**MATERIAL FOR THE TASK**
——————————
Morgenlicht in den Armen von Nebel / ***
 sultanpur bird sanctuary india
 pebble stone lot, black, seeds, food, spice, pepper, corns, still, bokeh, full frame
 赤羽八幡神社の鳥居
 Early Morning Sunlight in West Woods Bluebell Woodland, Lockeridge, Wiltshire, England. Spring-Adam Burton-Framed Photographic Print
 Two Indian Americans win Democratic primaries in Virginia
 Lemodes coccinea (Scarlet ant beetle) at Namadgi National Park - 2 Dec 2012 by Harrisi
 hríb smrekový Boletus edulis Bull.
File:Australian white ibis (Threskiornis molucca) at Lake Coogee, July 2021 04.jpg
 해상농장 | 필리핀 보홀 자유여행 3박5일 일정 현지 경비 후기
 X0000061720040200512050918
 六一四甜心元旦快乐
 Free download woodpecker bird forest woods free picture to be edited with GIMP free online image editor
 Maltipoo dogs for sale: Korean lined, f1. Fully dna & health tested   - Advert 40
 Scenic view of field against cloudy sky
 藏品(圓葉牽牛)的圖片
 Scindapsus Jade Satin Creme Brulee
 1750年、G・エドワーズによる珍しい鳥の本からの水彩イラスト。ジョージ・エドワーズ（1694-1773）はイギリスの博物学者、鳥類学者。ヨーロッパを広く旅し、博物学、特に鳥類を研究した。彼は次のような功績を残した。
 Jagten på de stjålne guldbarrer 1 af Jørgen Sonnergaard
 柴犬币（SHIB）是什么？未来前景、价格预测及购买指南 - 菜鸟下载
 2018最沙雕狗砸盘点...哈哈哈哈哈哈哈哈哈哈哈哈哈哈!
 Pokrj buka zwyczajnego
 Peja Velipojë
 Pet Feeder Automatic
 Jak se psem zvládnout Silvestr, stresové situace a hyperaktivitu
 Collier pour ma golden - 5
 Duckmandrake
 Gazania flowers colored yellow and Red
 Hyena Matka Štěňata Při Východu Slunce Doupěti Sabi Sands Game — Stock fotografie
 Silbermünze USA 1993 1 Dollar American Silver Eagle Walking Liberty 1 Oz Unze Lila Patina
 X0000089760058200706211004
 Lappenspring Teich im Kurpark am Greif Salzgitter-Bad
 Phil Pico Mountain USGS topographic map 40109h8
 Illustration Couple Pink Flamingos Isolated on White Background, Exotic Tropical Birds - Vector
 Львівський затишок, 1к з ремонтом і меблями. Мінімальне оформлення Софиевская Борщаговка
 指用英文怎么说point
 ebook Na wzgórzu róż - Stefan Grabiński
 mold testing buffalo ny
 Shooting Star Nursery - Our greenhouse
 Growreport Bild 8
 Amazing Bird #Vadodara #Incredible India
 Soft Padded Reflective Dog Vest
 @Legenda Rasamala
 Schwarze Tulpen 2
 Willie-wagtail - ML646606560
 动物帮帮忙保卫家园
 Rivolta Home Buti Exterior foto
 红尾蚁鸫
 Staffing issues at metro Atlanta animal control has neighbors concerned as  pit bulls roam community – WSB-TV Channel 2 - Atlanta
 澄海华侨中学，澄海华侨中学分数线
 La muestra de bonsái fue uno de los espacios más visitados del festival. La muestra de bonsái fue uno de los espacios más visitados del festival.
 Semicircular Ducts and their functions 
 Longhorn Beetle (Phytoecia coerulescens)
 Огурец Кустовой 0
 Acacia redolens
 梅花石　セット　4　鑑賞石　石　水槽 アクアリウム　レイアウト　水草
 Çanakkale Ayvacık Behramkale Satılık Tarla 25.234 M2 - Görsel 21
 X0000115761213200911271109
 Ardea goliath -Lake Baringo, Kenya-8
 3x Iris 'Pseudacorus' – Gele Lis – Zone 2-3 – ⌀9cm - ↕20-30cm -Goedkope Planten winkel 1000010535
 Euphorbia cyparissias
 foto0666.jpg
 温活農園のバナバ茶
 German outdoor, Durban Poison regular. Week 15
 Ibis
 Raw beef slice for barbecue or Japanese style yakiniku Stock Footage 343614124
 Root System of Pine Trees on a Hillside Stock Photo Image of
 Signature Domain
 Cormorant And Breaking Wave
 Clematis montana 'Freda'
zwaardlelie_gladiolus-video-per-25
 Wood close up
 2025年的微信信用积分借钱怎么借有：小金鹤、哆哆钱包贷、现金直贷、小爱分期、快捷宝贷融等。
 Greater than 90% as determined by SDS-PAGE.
——————————
**WHAT YOU WILL DO**
Start to finish, transcribe the listing above exactly.

**OUTPUT OF THE EXERCISE**
Morgenlicht in den Armen von Nebel / ***
 sultanpur bird sanctuary india
 pebble stone lot, black, seeds, food, spice, pepper, corns, still, bokeh, full frame
 赤羽八幡神社の鳥居
 Early Morning Sunlight in West Woods Bluebell Woodland, Lockeridge, Wiltshire, England. Spring-Adam Burton-Framed Photographic Print
 Two Indian Americans win Democratic primaries in Virginia
 Lemodes coccinea (Scarlet ant beetle) at Namadgi National Park - 2 Dec 2012 by Harrisi
 hríb smrekový Boletus edulis Bull.
File:Australian white ibis (Threskiornis molucca) at Lake Coogee, July 2021 04.jpg
 해상농장 | 필리핀 보홀 자유여행 3박5일 일정 현지 경비 후기
 X0000061720040200512050918
 六一四甜心元旦快乐
 Free download woodpecker bird forest woods free picture to be edited with GIMP free online image editor
 Maltipoo dogs for sale: Korean lined, f1. Fully dna & health tested   - Advert 40
 Scenic view of field against cloudy sky
 藏品(圓葉牽牛)的圖片
 Scindapsus Jade Satin Creme Brulee
 1750年、G・エドワーズによる珍しい鳥の本からの水彩イラスト。ジョージ・エドワーズ（1694-1773）はイギリスの博物学者、鳥類学者。ヨーロッパを広く旅し、博物学、特に鳥類を研究した。彼は次のような功績を残した。
 Jagten på de stjålne guldbarrer 1 af Jørgen Sonnergaard
 柴犬币（SHIB）是什么？未来前景、价格预测及购买指南 - 菜鸟下载
 2018最沙雕狗砸盘点...哈哈哈哈哈哈哈哈哈哈哈哈哈哈!
 Pokrj buka zwyczajnego
 Peja Velipojë
 Pet Feeder Automatic
 Jak se psem zvládnout Silvestr, stresové situace a hyperaktivitu
 Collier pour ma golden - 5
 Duckmandrake
 Gazania flowers colored yellow and Red
 Hyena Matka Štěňata Při Východu Slunce Doupěti Sabi Sands Game — Stock fotografie
 Silbermünze USA 1993 1 Dollar American Silver Eagle Walking Liberty 1 Oz Unze Lila Patina
 X0000089760058200706211004
 Lappenspring Teich im Kurpark am Greif Salzgitter-Bad
 Phil Pico Mountain USGS topographic map 40109h8
 Illustration Couple Pink Flamingos Isolated on White Background, Exotic Tropical Birds - Vector
 Львівський затишок, 1к з ремонтом і меблями. Мінімальне оформлення Софиевская Борщаговка
 指用英文怎么说point
 ebook Na wzgórzu róż - Stefan Grabiński
 mold testing buffalo ny
 Shooting Star Nursery - Our greenhouse
 Growreport Bild 8
 Amazing Bird #Vadodara #Incredible India
 Soft Padded Reflective Dog Vest
 @Legenda Rasamala
 Schwarze Tulpen 2
 Willie-wagtail - ML646606560
 动物帮帮忙保卫家园
 Rivolta Home Buti Exterior foto
 红尾蚁鸫
 Staffing issues at metro Atlanta animal control has neighbors concerned as  pit bulls roam community – WSB-TV Channel 2 - Atlanta
 澄海华侨中学，澄海华侨中学分数线
 La muestra de bonsái fue uno de los espacios más visitados del festival. La muestra de bonsái fue uno de los espacios más visitados del festival.
 Semicircular Ducts and their functions 
 Longhorn Beetle (Phytoecia coerulescens)
 Огурец Кустовой 0
 Acacia redolens
 梅花石　セット　4　鑑賞石　石　水槽 アクアリウム　レイアウト　水草
 Çanakkale Ayvacık Behramkale Satılık Tarla 25.234 M2 - Görsel 21
 X0000115761213200911271109
 Ardea goliath -Lake Baringo, Kenya-8
 3x Iris 'Pseudacorus' – Gele Lis – Zone 2-3 – ⌀9cm - ↕20-30cm -Goedkope Planten winkel 1000010535
 Euphorbia cyparissias
 foto0666.jpg
 温活農園のバナバ茶
 German outdoor, Durban Poison regular. Week 15
 Ibis
 Raw beef slice for barbecue or Japanese style yakiniku Stock Footage 343614124
 Root System of Pine Trees on a Hillside Stock Photo Image of
 Signature Domain
 Cormorant And Breaking Wave
 Clematis montana 'Freda'
zwaardlelie_gladiolus-video-per-25
 Wood close up
 2025年的微信信用积分借钱怎么借有：小金鹤、哆哆钱包贷、现金直贷、小爱分期、快捷宝贷融等。
 Greater than 90% as determined by SDS-PAGE.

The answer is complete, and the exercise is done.